O PEC é uma forma de entregar imposto sobre o rendimento ao Estado, previsto no Código do Imposto sobre Rendimentos Colectivos (IRC), com base no volume de negócios (1%) do período de tributação anterior. O limite mínimo desceu de 1000 para 850 euros, de acordo com uma proposta apresentada pelo PCP durante a discussão do Orçamento do Estado para 2017.
Porém, o objectivo dos comunistas é o de, frisou Bruno Dias, «concretizar a extinção do PEC em 2018, antecipando assim o processo de transição aprovado por proposta do PCP no actual orçamento, pela conclusão já em 2017 do processo de construção dos coeficientes técnico-científicos por sector e ramo de actividade».
O deputado considerou que deve existir uma separação entre o estabelecimento do SMN e eventuais benefícios ao investimento empresarial como «moeda de troca».
Entre as propostas apresentadas, Bruno Dias destacou medidas de acesso ao crédito com juros, prazos e condições adequadas, a reprogramação dos fundos comunitários subjacentes ao Portugal 2020 com programas específicos para MPME e o alargamento do regime de IVA, após boa cobrança às empresas com um registo de facturação até dois milhões de euros.

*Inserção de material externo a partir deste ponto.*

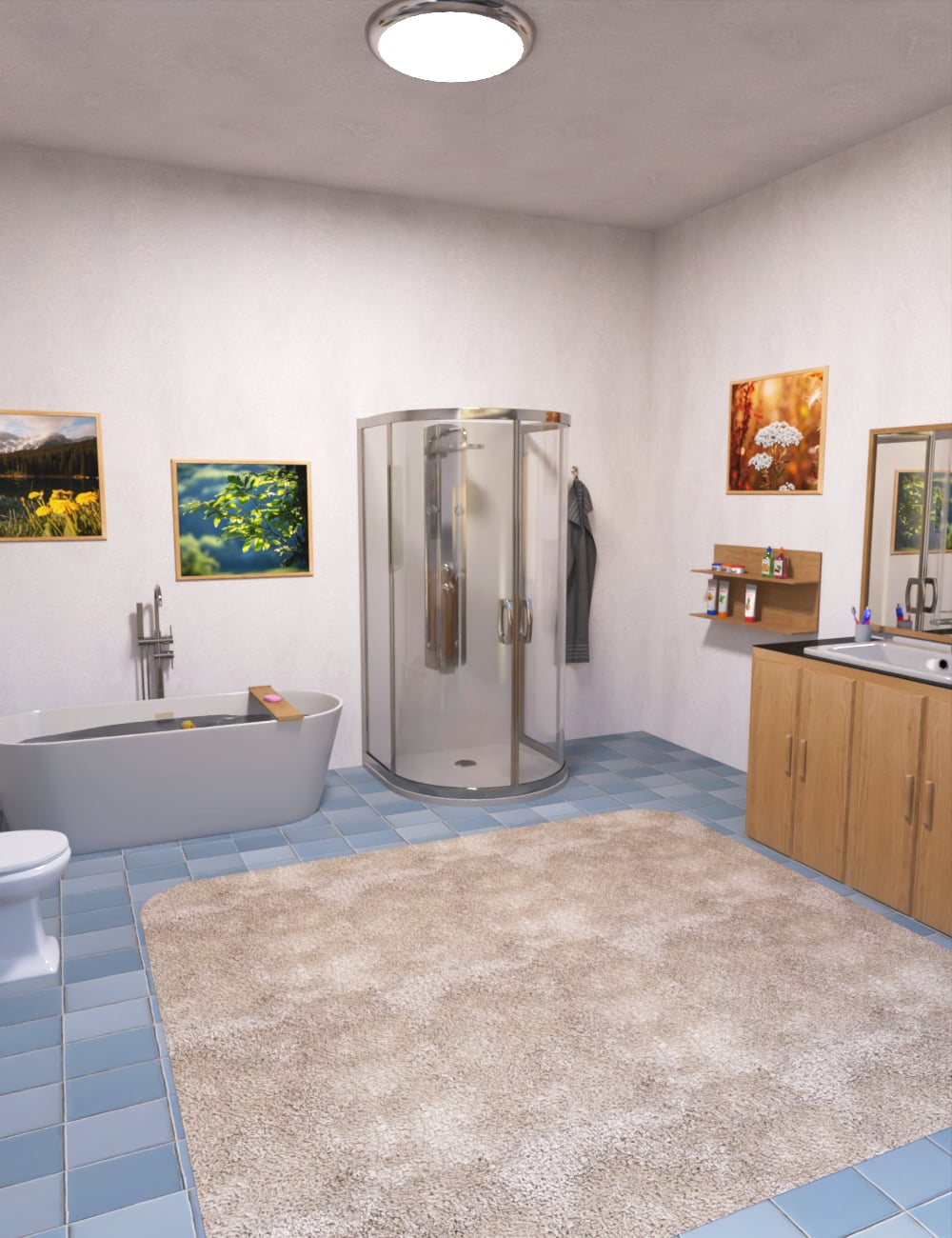 AP Modular House Bathroom by: AcharyaPolina, 3D Models by Daz 3D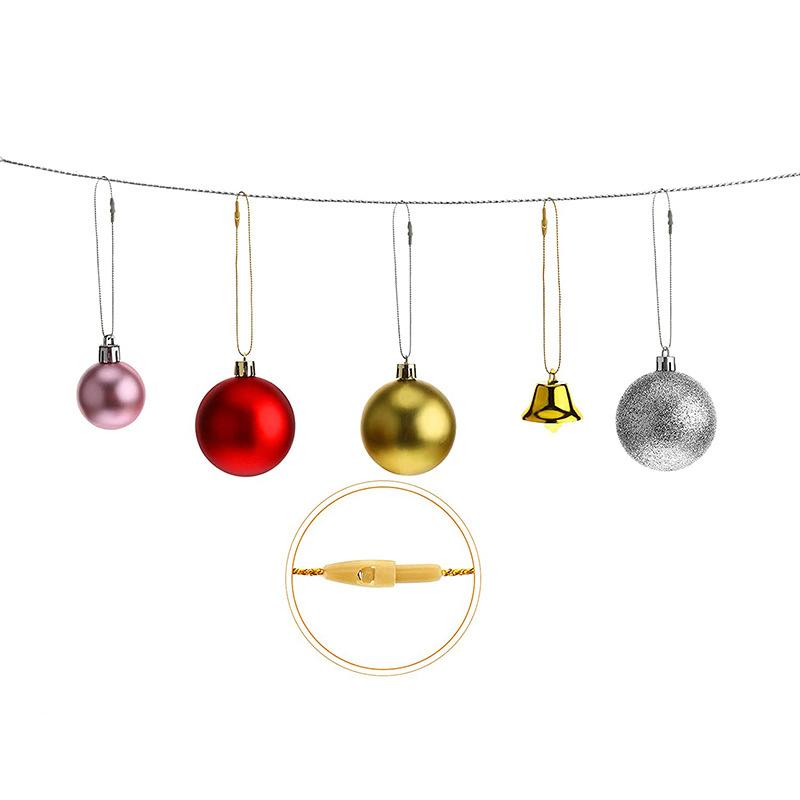 100Pcs Plastic Tag String Gold Silver Polyester Cotton Rope Christmas Tree Hang Tag Cord Fasteners Xmas Noel Navidad Natal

Mas não ficam por aqui as propostas avançadas pelos comunistas. Propõe-se ainda um regime de conta-corrente entre as MPME e o Estado para aliviar as tesourarias das empresas que sejam credoras; alterar o Imposto de Selo para que as comissões dos terminais de pagamento automático fiquem a cargo da banca; estender o regime do gasóleo profissional a actividades produtivas; reposição da taxa de IVA de 6% na electricidade e gás natural; definir um nível de incorporação de biocombustíveis no gasóleo à semelhança de Espanha; medidas para redução da factura energética; criar um programa de valorização das MPME no âmbito da contratação pública e isentar pequenas empresas da revisão legal de contas.
Por iniciativa do PCP e do BE, o Parlamento discute e vota amanhã o diploma do Governo que baixa temporariamente a contribuição das empresas à Segurança Social por cada trabalhador com SMN de 557 euros, mediante acordo alcançado em concertação com os parceiros sociais, à excepção da CGTP-IN.
O líder parlamentar e presidente do PS, Carlos César, já veio entretanto afirmar que se a baixa da TSU for chumbada, caso o PSD cumpra a intenção anunciada de votar contra a medida, o Governo procurará uma alternativa junto dos partidos no Parlamento e dos parceiros sociais.